The honeysuckles, or Lonicera, represent a circumboreally-distributed genus in the Caprifoliaceae family. A diverse assortment of vines, lianas, and shrubs comprise the genus, and honeysuckles have long been a staple of the horticultural industry, prized for their robustness as much as their sweet-scented flowers and colorful fruits. However, many cultivated honeysuckles of Eurasian origin have proven invasive outside of their native range, displacing native species and reducing overall diversity and ecosystem health. Planting of Eurasian Lonicera taxa is now often discouraged or banned throughout much of North America. Conversely, native North American Lonicera species are often sparsely distributed and of conservation concern throughout their native range. Given the historic popularity of Eurasian honeysuckles in cultivation in North America, their tendency to become invasive pests, and the sparse populations of native Lonicera, we identified two avenues of inquiry: 1) to identify means of efficiently propagating native Lonicera species, for potential conservation or industry application, and 2) to screen Eurasian honeysuckle species and cultivars for invasiveness.

First, we conducted parallel studies evaluating the feasibility of propagating the North-American native wetland shrub Lonicera villosa, found throughout much of Canada and sparsely in New England and the Great Lakes regions of the United States, by stem cuttings. In 2017, we collected softwood cuttings from a native population in Maine, wounded them on one side, treated them with 0, 4000, 8000, or 12000 mg·L1 of K-IBA in water, and stuck the cuttings in rooting media composed of 1:1, 1:3, or 0:1 peat:perlite by volume. In one study, cuttings were irrigated by overhead mist, while the other utilized a simple subirrigation system. Rooting percentages were high in both systems and were not found to vary significantly with treatments. Root quality significantly improved with the addition of K-IBA and with increasing proportions of perlite in the media but did not improve significantly with increasing K-IBA application rates. These findings indicate that L. villosa can be propagated to the high standards necessary for commercial production or conservation purposes.

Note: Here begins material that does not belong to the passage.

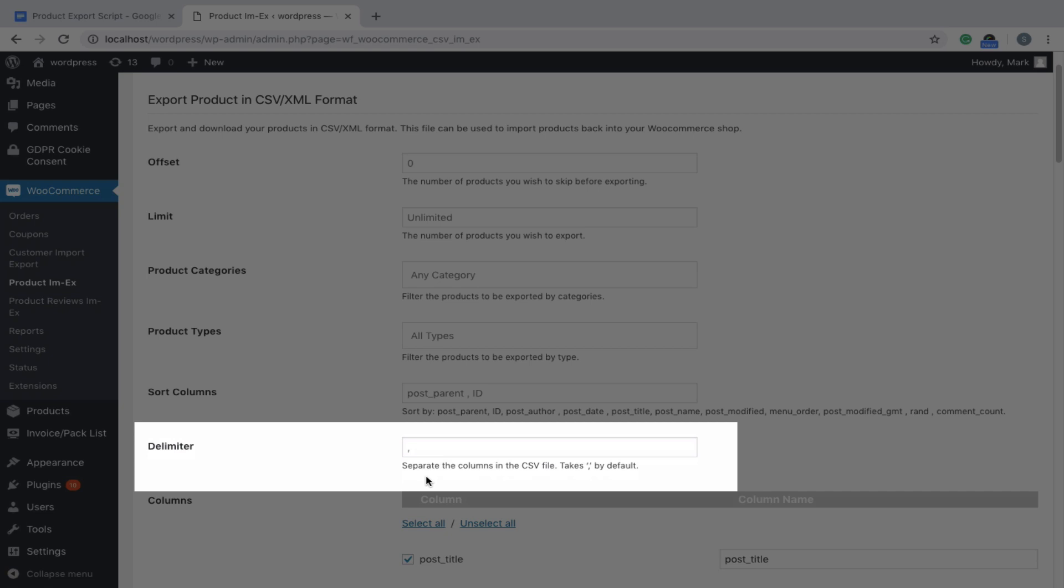Enter a delimiter to separate the mapping values. By default, a comma is taken as the delimiter.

Second, we conducted two comparative studies contrasting the growth of Lonicera caerulea cultivars, bred from Eurasian genotypes and marketed as an agricultural crop in North America, with the regionally invasive congeners L. tatarica and L. xylosteum, and the regionally native L. villosa. The first study evaluated the comparative growth of these honeysuckles (sans L. xylosteum) across five levels of applied slow-release fertilizer. Lonicera caerulea produced significantly more dried biomass than L. villosa at all but the highest rates of fertilizer application, and less dried biomass than L. tatarica, yet resembled L. tatarica more strongly in height and leaf area. In a second study, the four honeysuckle taxa were co-planted in large 20-gallon pots and subjected to either flooded, container capacity, or drought moisture treatment regimes. Lonicera caerulea significantly outperformed L. villosa and compared favorably with its invasive congeners in terms of dried biomass, height, and leaf area. Taken together, these studies suggest that the non-native Lonicera caerulea cultivars are not functionally equivalent to their related native taxa and we advise caution and further screening for invasiveness prior to their widespread release.